Do the following to allow users to look up their own POP3, IMAP4, and SMTP settings

  • POP3 settings   Run the Set-POPSettings cmdlet with the ExternalConnectionSettings parameter. Use the format Set-POPSettings -ExternalConnectionSetting {<FQDN>:995:SSL}. For example, run Set-PopSettings -ExternalConnectionSetting {Dublin01.Contoso.com:995:SSL} if you want clients that connect through the server with FQDN Dublin01.Contoso.com to be able to look up their own POP settings.
    You must restart IIS after applying this setting.
  • IMAP4 settings   Run the Set-IMAPSettings cmdlet with the ExternalConnectionSettings parameter. Use the format Set-ImapSettings -ExternalConnectionSetting {<FQDN>:993:SSL}. For example, run Set-IMAPSettings -ExternalConnectionSetting {Dublin01.Contoso.com:993:SSL} if you want clients that connect through the server with FQDN Dublin01.Contoso.com to be able to look up their own IMAP setting.
    You must restart IIS after applying this setting.
  • SMTP settings   Run the Set-ReceiveConnector cmdlet with the AdvertiseClientSettings parameter. Use the format Set-ReceiveConnector "Client Frontend <Server Name>" -AdvertiseClientSettings $True -FQDN <FQDN>. For example, run Set-ReceiveConnector "Client Frontend <Server Name>" -AdvertiseClientSettings $True -FQDN Dublin01.Contoso.com if you want clients that connect through the server with FQDN Dublin01.Contoso.com to be able to look up their own SMTP setting.
    You must restart IIS after applying this setting.

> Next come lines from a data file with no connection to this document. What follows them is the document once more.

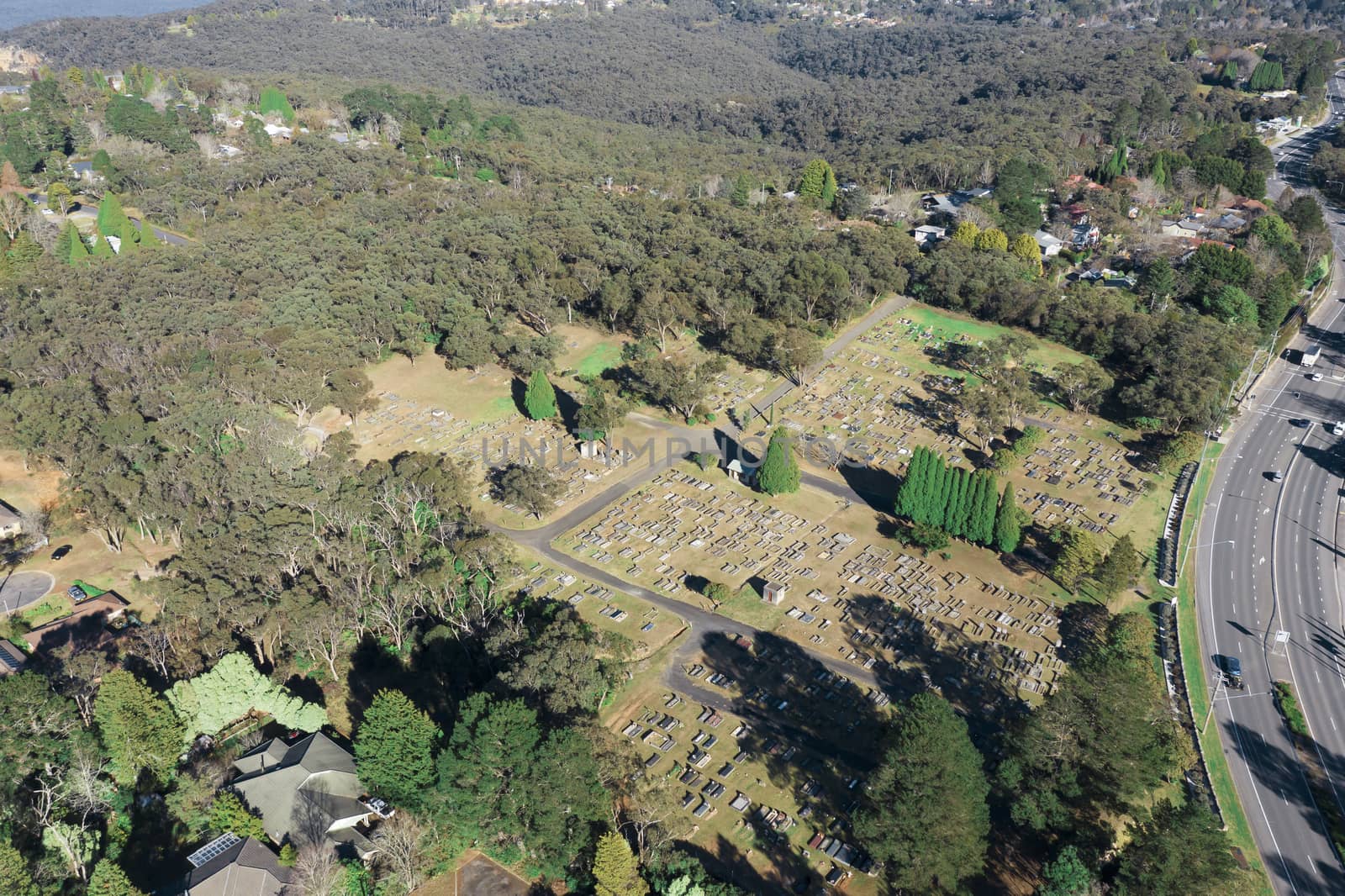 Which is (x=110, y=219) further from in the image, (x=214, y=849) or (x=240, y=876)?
(x=240, y=876)

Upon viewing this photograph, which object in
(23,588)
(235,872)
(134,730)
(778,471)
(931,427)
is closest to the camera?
(235,872)

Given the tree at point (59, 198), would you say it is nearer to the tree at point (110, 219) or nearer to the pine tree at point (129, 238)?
the tree at point (110, 219)

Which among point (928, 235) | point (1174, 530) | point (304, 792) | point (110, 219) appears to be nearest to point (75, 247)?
point (110, 219)

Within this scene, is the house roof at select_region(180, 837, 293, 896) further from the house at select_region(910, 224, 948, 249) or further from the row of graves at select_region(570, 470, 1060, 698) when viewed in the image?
the house at select_region(910, 224, 948, 249)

After you change your default settings by running the Set-POPSettings, Set-IMAPSettings, and Set-ReceiveConnector cmdlets, your users can look up their external POP, IMAP, and SMTP server settings in Outlook Web App by clicking Settings > Options > Account > My account > Settings for POP or IMAP access.

Leaving a copy of messages on the server

The default setting on some email programs isn't to keep a copy of messages on the server after they're retrieved. Be sure to recommend that your users set up their email program to keep a copy of all messages the client retrieves on the server. By keeping a copy of messages on the server, your users can access their messages from a different email program.